Saviynt helped Phillips 66 with their IGA modernization initiative, building more resiliency and flexibility into their program and enabling them to migrate away from unsupported legacy systems.
With nearly 150 years of experience, Phillips 66 is a diversified energy manufacturing and logistics company with unique businesses in Refining, Midstream, Chemicals, and others. The company is engaged in refining, transporting, and marketing natural gas liquids petrochemicals. They are also active in research and development of emerging energy sources and partners with Chevron. A Fortune 500 company headquartered in Houston, Texas, Phillips 66 has approximately 14,000 employees worldwide and has operations in the United States, United Kingdom, Germany, Austria, and Switzerland.
In 2019, Phillips 66 embarked upon a digital transformation effort. Their existing Identity Governance and Administration (IGA) program was based on an on-premises Quest Identity Manager solution that was no longer being supported and did not integrate with cloud applications.
The IGA modernization initiative – informally called Journey to the Cloud – focused on building more resiliency and flexibility into their program. To future-proof their program, they were looking exclusively at cloud-first solutions that could support a hybrid environment initially during the cloud transformation. Price was a secondary consideration at the time.
With Saviynt, Phillips 66 was able to modernize with a cloud-native solution that simplifies IGA by increasing organizational agility through automation and intuitive workflows. Saviynt IGA also helped Phillips 66 ensure users have seamless app and infrastructure access without compromising compliance. As a future-proof, cloud-first solution, Saviynt IGA provides seamless, secure access to necessary resources on-premises, in the cloud, and in hybrid environments.
Steve Edford
Analyst, Identity and Privileged Account Management, Phillips 66
Migrating Away From Unsupported Legacy Systems
Phillips 66 needed an IGA solution that could create a strong foundation for a holistic digitally-enabled environment and increase functional IGA capabilities across all of the company’s functions. The security team also wanted to ensure standardization and consistency of control execution, processes, and tools to improve user experience and enforce governance and regulatory compliance.
With these goals in mind, they formulated a three-year, three-phase initiative that started with moving their IGA program to the cloud. The first year was to be the “lift and shift” of all the existing functionality. The second year would be the build out of the attestations and the access certifications, and the third year would focus on application access governance for critical systems such as SAP.

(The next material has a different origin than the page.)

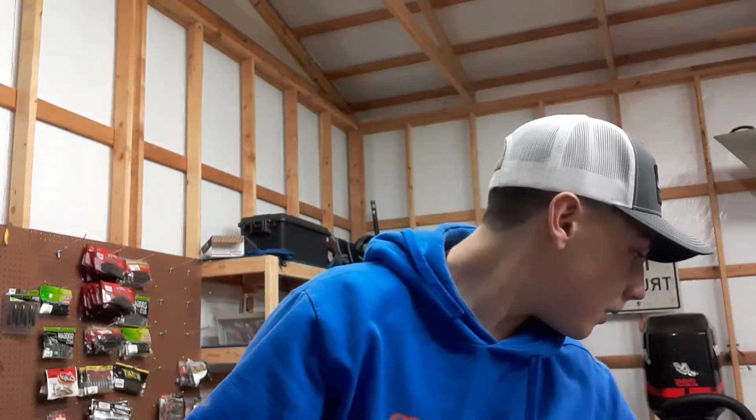Welcome back to another episode of LG Outdoors. Today we're going to go over my Bandit Crankbait collection. Let's start from shallow to deep. Bandit has three series: the 100 series, the 200 series, and the 300 series.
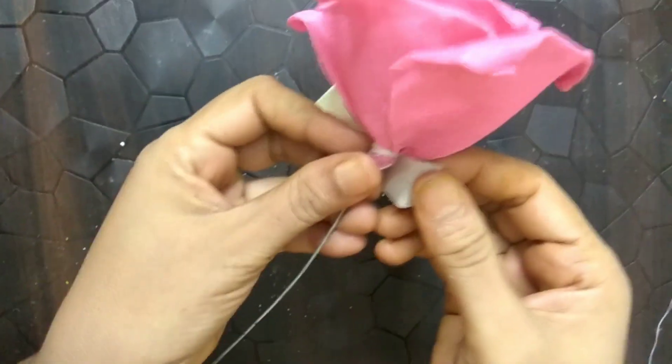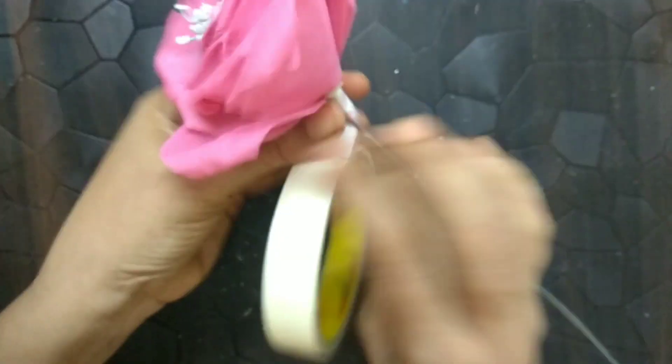I am using white paper tape and later on I will be painting it green. If you don't wish to do that much work, you can simply use green tape.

But in the first half of 2020, COVID hit and budgets were cut. At a moment’s notice, their plans had to change. Because overall business was down for energy companies, price was now a major consideration, as was speed of deployment. As a result, Phases Two and Three were put on hold, and there was immense pressure to deploy Phase One as soon as possible.
Finding the Right Cloud-Native IGA Solution
When evaluating solutions, Phillips 66 used a 300-point Proof-of-Concept (POC) trial that included flexibility and ease of use, robust workflows, permissions granularity, and the ability to integrate with multiple endpoints, both on-prem and in the cloud. Phillips 66 had been using homegrown on-prem Active Directory-based tools to manage their access certification/attestation efforts that added several levels of complication to the process.

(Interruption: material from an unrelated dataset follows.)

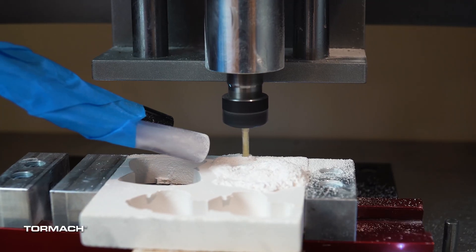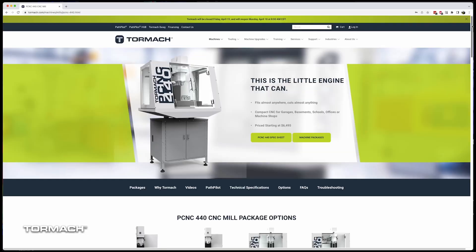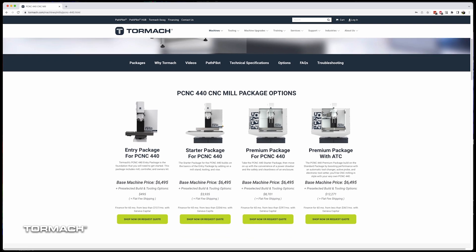I've had a small desktop mill for a while, and while it's good at what it does, what it does is soft materials in a relatively small work area. So when I started looking at CNC mills this winter, material compatibility and a good work area were at the top of my list. The 440 immediately stood out as a tool that I could get started with quickly and also grow into over time.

They chose Saviynt IGA because it ranked as the highest-scoring solution on their POC trial, indicating that it was the right solution to meet their needs.
Saviynt IGA:
Manages the Active Directory user objects and entitlement objects and all the other endpoints, whether on-premises, in the cloud, or spread across multiple clouds
Detects Separation of Duties (SoD) violations are occurring by identifying any existing toxic combinations and preventing new ones
Ensures records are being kept through its audit capabilities
Prevents duplicate identities
And Saviynt IGA provides a single pane of glass, so that security personnel have one point of visibility over the identity and access management system.
Saviynt Provides Phillips 66 an IGA Foundation Built for Simplicity and Scale
With Saviynt IGA, Phillips 66 has completed a successful migration to the cloud. Saviynt IGA is now helping Phillips 66 secure around 25,000 users and 40 applications internationally. Now, Phillips 66 can oversee their Active Directory groups and service accounts seamlessly, expedite certifications and streamline risk reduction efforts with advanced analytics. Attestations are reviewed on time at regular intervals, and birthright access, provisioning and deprovisioning are automated.
Saviynt IGA is one of five modular products combined in a single, cohesive platform, Enterprise Identity Cloud (EIC), that unifies controls and risk management for every identity, app, and cloud across your business. EIC consolidates management of IGA, privileged access management (PAM), and third-party, application access and data access governance.
This convergence allows large organizations to quickly adopt a full-featured, identity security platform, or they can choose to efficiently build from a lightly deployed solution to an enterprise deployment as their needs change and grow.
Powered by a comprehensive identity warehouse and an extensive controls library for risk-based, continuous compliance and security, Saviynt IGA is an important component of Phillips 66’s identity security program. Future plans for Phillips 66 include taking advantage of Saviynt EIC to reduce dependencies on other products and simplify their identity security infrastructure.